DFH3 Class Diesel-electric Co-Co
The DFH3 was a diesel locomotive with hydraulic transmission designed for mainline passenger service. A total of 268 units were built at Sifang Locomotive Works over an unusually long 17 year period between 1971 and 1988. They were typically found in the north and north east of the country and were particularly popular between Harbin, Dalian and Beijing.
They were powered by a pair of V12 diesel motors which varied slightly between 2500hp (prototypes), 2700hp and 3000hp (final two units). They ran on a pair of twin axle bogies and could propel a passenger train to 120kph, although most ran at 100kph. They were not overly heavy at 88 tonnes. Diesel-hydraulics had a fairly limited role in China's railways and most of the class were out of use and scrapped by 2005. A number of examples were donated to North Korea and the final units were used at a coal mine at Qitaihe until 2015 and on the Sanmexia local railway in Henan province until 2017.
This is Bachmann China's first and only diesel-hydraulic diesel. Bachmann have done a good job with the dimensions and a very good job overall. This was one of Bachmann's final new locomotives before apparently ceasing production altogether around 2017. They have made eight versions including one decorated version, one semi-decorated version and two liveries. The turquoise color was applied to the class originally but in the later years most were painted in a medium flat blue color, as shown in the prototype photo above. It is unfortunate the Bachmann China hasn't made any of this livery option in the line-up, but very good to see a diesel-hydraulic finally on the market.
The DF7G's came in a thin two piece cardboard box. The inner portion is a plastic clam shell with clear plastic sleeve with small soft plastic pieces to prevent paint rubbing off. The box contains warranty information and instruction/schematic sheet. There are no add-on parts included.
The details are typical of what we saw on models from Bachmann China in their final years. Some notable features are brass air horns, brass windshield wipers and wire handrails/grab irons. The side mirrors are plastic and are very susceptible to damage. The "Dong Fang Hong" characters on the front of the locomotive are part of the body shell casting and are slightly embossed. The cab interior is a single colored piece comprising of seats, power wheel basic controls. The engine room interior is devoid of detail and is obscured with the frame behind the windows.
The paint work overall is excellent and lining is very sharp. Lettering is typical of Bachmann's and flawless.
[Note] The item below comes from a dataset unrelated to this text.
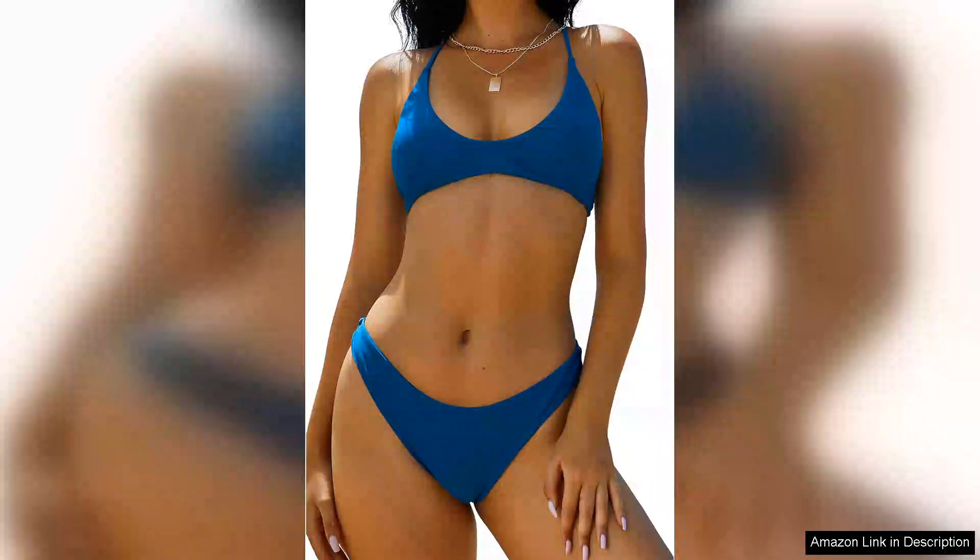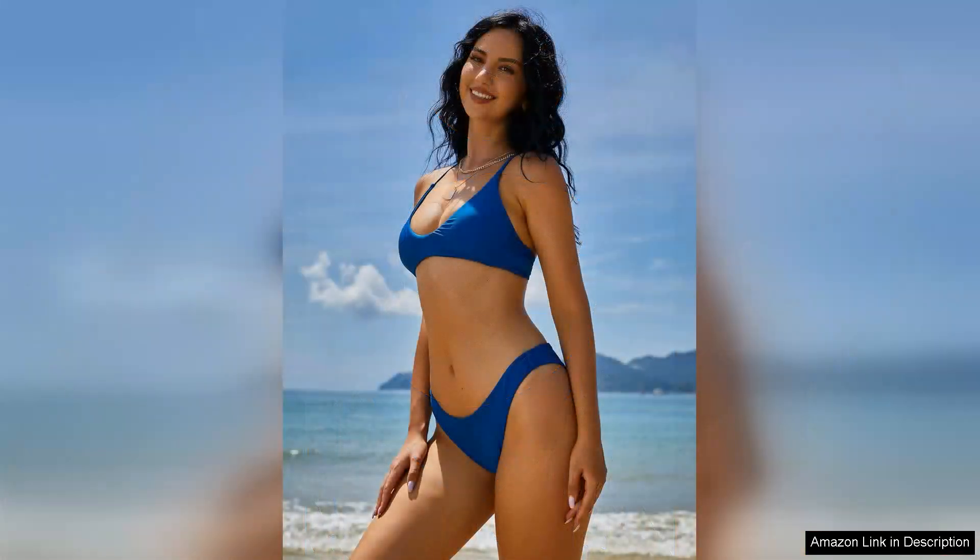I recently purchased the Zeffel Women's Tie Back Padded High Cut Bralette Bikini Set and I have to say, it exceeded my expectations. The design is both stylish and functional, making it a perfect addition to my summer wardrobe.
The semi-decorated locomotive (#0220) unfortunately has painted on number plates and award plaque and all versions have painted on factory plates, rather than separate parts but are still nice and sharp. There are minor color differences in the lettering and placement of labels between each unit as per prototype. Uncoupling rods and brake-pipe air hoses are nice being two-tone color parts.
Uncoupling rods and brake-pipe air hoses are nice being two-tone color parts. The paint work overall is excellent and lining is very sharp. Lettering is typical of Bachmann's and flawless. The semi-decorated locomotive (#0220) unfortunately has painted on number plates and award plaque and all versions have painted on factory plates, rather than separate parts but are still nice and sharp. There are minor color differences in the lettering and placement of labels between each unit as per prototype.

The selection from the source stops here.